Jasper Schneider’s Personal Attack Dog
When it comes to the issues surrounding North Dakota’s worker’s compensation agency, Workforce Safety & Insurance, Fargo Attorney Mark Schneider gets a lot of press coverage. His is routinely the go-to guy for the state’s media when it comes to collecting negative soundbites about the agency. In a recent (and thoroughly one-sided) news report about WSI hosted by KVRR News Director Jim Shaw Schneider compared the agency’s treatment of injured workers to the way terrorists are treated. Last week when Republican state House Majority Leader Rick Berg called for a temporary outside director for WSI, Schneider was quoted in an article by the Fargo Forum’s Patrick Springer as saying:
“Rick Berg has the dubious distinction of being the person most responsible for the train wreck that has become WSI,” lawyer Mark Schneider wrote in a letter sent Wednesday to the North Dakota Legislative Council. Schneider said Berg had pushed many of the laws at WSI now under attack.

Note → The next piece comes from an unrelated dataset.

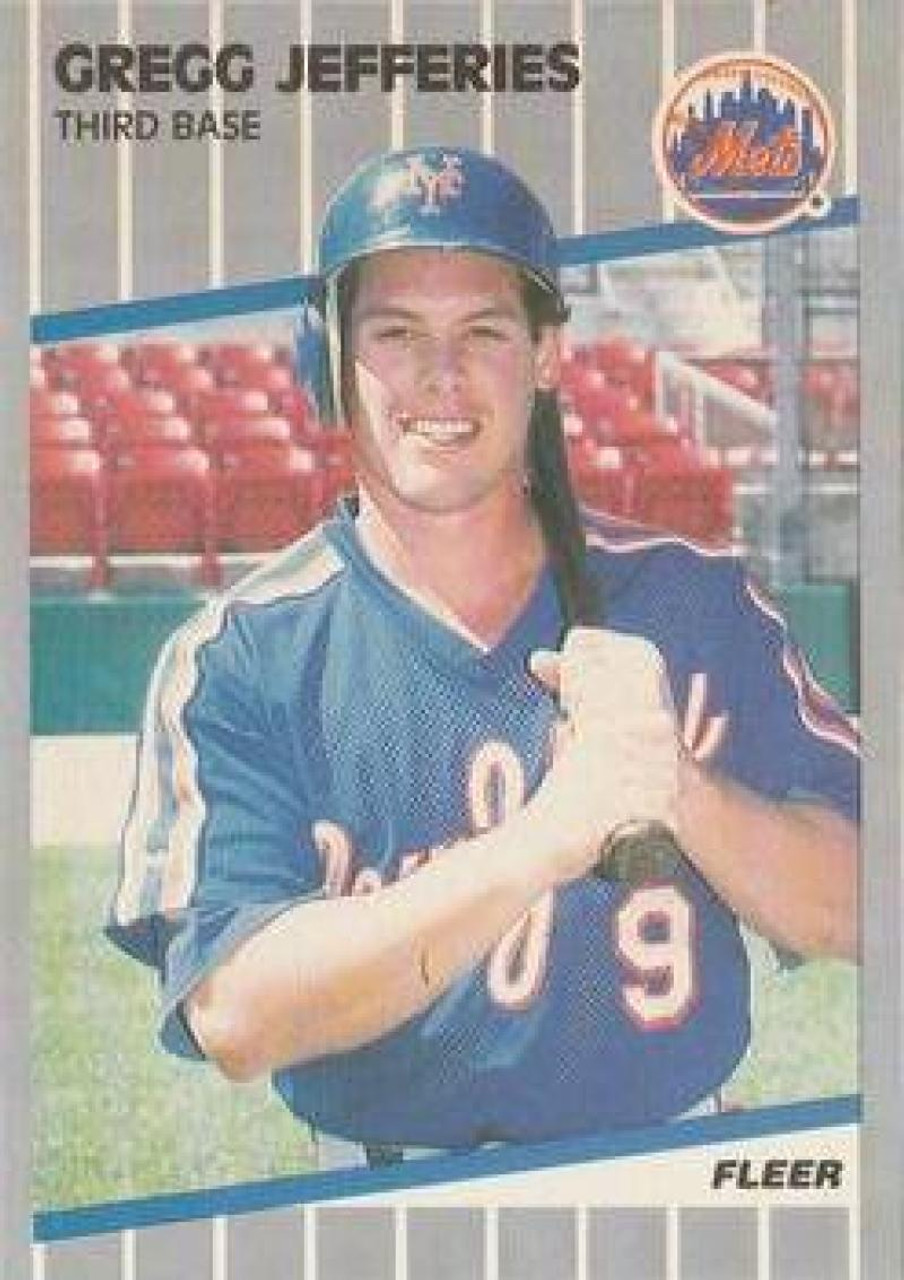 Gregg Jefferies autographed baseball card (New York Mets) 1989 Donriss #35  Rated Rookie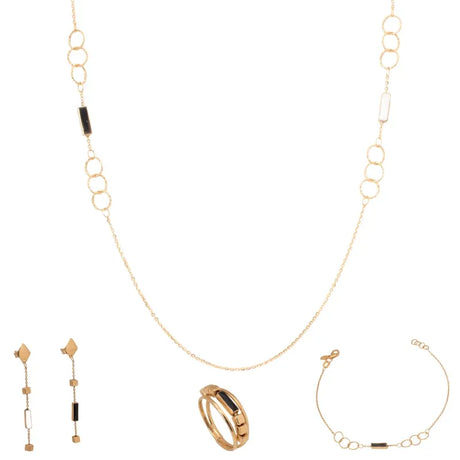 18 karat gold half set Al Eshraqa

Schneider also got coverage on KXMB in Bismarck, not to mention the Bismarck Tribune, “blasting” Berg over WSI.
But you know one little tid-bit of information about Schneider that never gets reported in these articles? The fact that he’s Democrat insurance commissioner candidate Jasper Schneider’s uncle. Or the fact that he’s also Jasper Schneider’s law partner. Given that Jasper, and the Democrat party in general of which Mark Schneider is a prominent member, is making WSI their #1 issue this election season, aren’t those facts something that should be disclosed to the public?
You’d think, in the interest of transparency and full disclosure, they would be disclosed. You’d also think that the never ending parade of Mark Schneider’s worker’s compensation clients who appear on our television screens and in our newspapers complaining about WSI would have to disclose (and explain) the fact that they’ve never signed a release allowing WSI to explain why their claims were denied. But that never happens either.
You’re probably asking yourselves: Why not? And for that I simply don’t have a good answer. A certain amount of it is just plain old liberal media bias. Most reporters have an inherent sympathy for Democrat issues and causes, so these inconvenient details are simply left out of their stories. But I think a certain amount of it also has to do with just plain lazy reporting and/or incompetent reporting.
Regardless, if Mark Schneider is going to be a constant presence in the state media when it comes to workers compensation issues the public deserves to know a bit more about him and his political connections.